### Aim of the exercise
Below is a listing. Write out exactly its lines between the one holding "BREAKING: विभूतिपुर में" and the one holding "Supermarket shelves 04", inclusive.
Top of Supplied records
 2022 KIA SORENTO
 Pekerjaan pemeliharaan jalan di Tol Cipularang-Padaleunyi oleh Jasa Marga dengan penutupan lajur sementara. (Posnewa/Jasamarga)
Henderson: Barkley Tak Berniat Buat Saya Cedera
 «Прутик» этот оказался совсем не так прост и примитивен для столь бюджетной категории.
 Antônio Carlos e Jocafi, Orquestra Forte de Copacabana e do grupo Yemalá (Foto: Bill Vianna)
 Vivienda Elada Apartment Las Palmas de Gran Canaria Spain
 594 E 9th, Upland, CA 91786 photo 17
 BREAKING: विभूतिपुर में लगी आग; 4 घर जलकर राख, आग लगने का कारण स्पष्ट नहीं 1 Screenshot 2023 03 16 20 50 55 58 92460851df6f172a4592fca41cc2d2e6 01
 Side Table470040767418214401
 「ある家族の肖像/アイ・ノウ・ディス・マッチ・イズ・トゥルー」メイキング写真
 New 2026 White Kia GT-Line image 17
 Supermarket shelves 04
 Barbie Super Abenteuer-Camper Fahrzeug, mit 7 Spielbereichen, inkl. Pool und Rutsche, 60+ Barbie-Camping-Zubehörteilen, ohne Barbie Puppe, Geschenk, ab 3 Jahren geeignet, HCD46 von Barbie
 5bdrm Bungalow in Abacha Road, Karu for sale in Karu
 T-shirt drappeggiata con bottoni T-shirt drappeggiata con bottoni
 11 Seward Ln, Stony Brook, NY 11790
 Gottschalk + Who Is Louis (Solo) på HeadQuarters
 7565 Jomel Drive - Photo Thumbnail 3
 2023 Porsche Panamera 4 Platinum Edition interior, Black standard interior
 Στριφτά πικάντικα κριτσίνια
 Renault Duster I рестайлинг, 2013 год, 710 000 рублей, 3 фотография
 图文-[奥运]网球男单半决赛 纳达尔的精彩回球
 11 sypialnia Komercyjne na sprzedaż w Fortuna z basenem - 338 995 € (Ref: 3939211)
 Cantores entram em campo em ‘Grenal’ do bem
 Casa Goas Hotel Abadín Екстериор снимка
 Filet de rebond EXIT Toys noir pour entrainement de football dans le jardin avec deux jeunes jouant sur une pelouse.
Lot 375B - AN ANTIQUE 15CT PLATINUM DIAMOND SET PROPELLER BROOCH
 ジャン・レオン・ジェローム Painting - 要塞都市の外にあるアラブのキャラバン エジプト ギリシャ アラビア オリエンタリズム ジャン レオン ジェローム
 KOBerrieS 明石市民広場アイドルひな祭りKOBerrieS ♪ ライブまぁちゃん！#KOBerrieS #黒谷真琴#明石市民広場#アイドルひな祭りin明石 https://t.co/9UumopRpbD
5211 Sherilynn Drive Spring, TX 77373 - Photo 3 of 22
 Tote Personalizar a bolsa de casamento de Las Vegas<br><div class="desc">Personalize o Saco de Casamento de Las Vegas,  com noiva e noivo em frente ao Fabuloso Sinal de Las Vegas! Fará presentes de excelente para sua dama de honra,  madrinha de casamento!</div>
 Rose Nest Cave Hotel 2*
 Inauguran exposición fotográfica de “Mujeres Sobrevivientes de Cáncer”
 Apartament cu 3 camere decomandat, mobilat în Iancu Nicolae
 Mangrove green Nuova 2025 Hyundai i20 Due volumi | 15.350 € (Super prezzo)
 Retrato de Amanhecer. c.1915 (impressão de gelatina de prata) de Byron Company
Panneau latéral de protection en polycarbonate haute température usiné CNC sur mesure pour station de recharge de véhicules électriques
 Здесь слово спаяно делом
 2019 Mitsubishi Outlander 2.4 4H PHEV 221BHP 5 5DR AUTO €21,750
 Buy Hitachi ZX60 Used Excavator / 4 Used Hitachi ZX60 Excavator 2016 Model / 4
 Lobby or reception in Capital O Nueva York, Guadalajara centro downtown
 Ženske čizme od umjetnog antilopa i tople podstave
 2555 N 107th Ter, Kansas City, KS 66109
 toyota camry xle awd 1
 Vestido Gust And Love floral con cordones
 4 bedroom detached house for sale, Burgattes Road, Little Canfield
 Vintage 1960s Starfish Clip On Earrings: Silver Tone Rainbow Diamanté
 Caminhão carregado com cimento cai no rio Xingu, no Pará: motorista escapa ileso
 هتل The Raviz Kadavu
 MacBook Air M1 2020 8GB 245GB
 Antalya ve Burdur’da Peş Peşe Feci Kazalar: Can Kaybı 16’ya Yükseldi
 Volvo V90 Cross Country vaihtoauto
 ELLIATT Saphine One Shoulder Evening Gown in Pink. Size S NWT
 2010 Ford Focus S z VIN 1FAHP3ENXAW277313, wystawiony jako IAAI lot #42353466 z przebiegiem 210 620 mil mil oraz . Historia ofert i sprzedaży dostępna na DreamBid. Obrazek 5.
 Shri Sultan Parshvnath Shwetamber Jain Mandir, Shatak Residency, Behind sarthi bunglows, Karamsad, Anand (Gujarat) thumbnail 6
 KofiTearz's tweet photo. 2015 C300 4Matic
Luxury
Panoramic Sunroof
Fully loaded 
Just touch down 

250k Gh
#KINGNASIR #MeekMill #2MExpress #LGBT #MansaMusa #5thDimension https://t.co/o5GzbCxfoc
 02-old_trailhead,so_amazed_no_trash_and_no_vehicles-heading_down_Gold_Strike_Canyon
Bottom of Supplied records
### Response to the task
 BREAKING: विभूतिपुर में लगी आग; 4 घर जलकर राख, आग लगने का कारण स्पष्ट नहीं 1 Screenshot 2023 03 16 20 50 55 58 92460851df6f172a4592fca41cc2d2e6 01
 Side Table470040767418214401
 「ある家族の肖像/アイ・ノウ・ディス・マッチ・イズ・トゥルー」メイキング写真
 New 2026 White Kia GT-Line image 17
 Supermarket shelves 04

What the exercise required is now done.